Emmanuelle Laborit : Il y a eu la loi de 2005 (qui reconnaît la langue des signes et stipule que tout élève concerné doit pouvoir recevoir un enseignement de la LSF). Maintenant, ce qu'il faudrait, c'est appliquer cette loi et diffuser réellement la langue des signes. Un exemple : regardez la place de la langue des signes à la télévision. Il y a une émission, L'oeil et la main, sur France 5, et l'Assemblée nationale avec l'interprète dans le petit médaillon. Parfois sur le câble, de temps en temps. Mais la langue des signes n'est pas évidente, on ne la voit pas.
Q : Et ailleurs, ça se passe comment ?
EL : La France est très en retard. Aux Etats-Unis, la langue des signes américaine est la troisième langue nationale. Il y a des interprètes partout, tout est sous-titré systématiquement, ils ont des universités pour des élèves sourds, en France il n'y en a pas. C'est bizarre, parce que c'est quand même en France qu'est né le premier enseignement pour les sourds avec l'Abbé de l'Épée (en 1760). Aux États-Unis existent aussi des centres-relais : c'est un service d'interprètes 24h/24. Quand on veut passer un coup de fil administratif par exemple, on téléphone à ce centre-relais par le biais d'une webcam et c'est l'interprète qui téléphone à l'administration et traduit notre conversation. Et les sourds ne payent rien. En France, il y a eu une expérimentation et on a conclu que c'étaient aux sourds de payer, mais ça n'est pas possible !
Q: L'International Visual Theatre (IVT) existe depuis 1976 (article complet en lien ci-dessous). Peut-on parler d'un meilleur accès des sourds à la culture ?
EL : La culture sourde est très fragile, parce qu'il n'y a pas de lieu d'accueil pour les spectacles. Il faut savoir qu'en France, on est un lieu unique, il n'y a pas d'autre IVT. Sur le plan européen, il y a un théâtre en Norvège et un en Suède, nous sommes trois. Notre rôle est donc de soutenir les jeunes compagnies émergentes, de proposer des résidences pour mener un travail de recherche, leur permettre d'affiner leurs choix.

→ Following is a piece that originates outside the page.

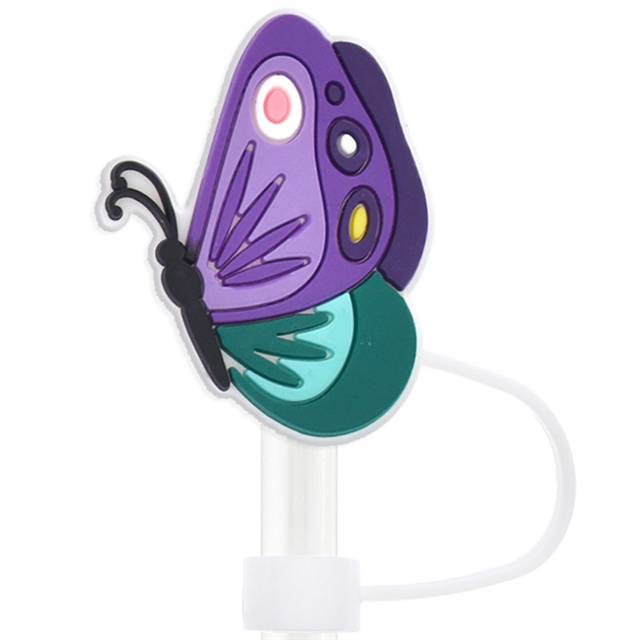 pvc soft glue butterfly series straw cap (without straw)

Q : L'an dernier, lorsque la Comédie-Française a joué Les enfants du silence, les comédiens de la troupe ont incarné les rôles des sourds, ce qui a beaucoup choqué la communauté sourde. Quelle est votre réaction ?
EL : Pour moi, c'était un symbole de voir la langue des signes sur la scène de la Comédie-Française et je respecte parfaitement le choix de la metteuse en scène (Anne-Marie Etienne) de choisir une comédienne entendante (Françoise Gillard) pour jouer le rôle. Mais je comprends aussi la réaction des sourds, qui m'ont dit : « Pour une fois qu'il y a un rôle pour nous, on est totalement exclu !». Il faut qu'on ouvre un dialogue, et c'est pour ça que j'ai organisé trois jours de débats du 13 au 16 octobre (en présence d'Anne-Marie Etienne et Françoise Gillard) : Peut-on tout jouer ? Quel est le parcours artistique des artistes sourds ? Quelle est leur place ? Je suis prête à débattre sur toutes ces questions.
Les 40 ans de ce théâtre unique en France (site en lien ci-dessous), dans une impasse charmante du 9e arrondissement seront l'occasion de portes-ouvertes le 8 octobre 2016 et surtout de trois jours de débats, projections, spectacles tous azimuts du jeudi 13 au dimanche 16 octobre.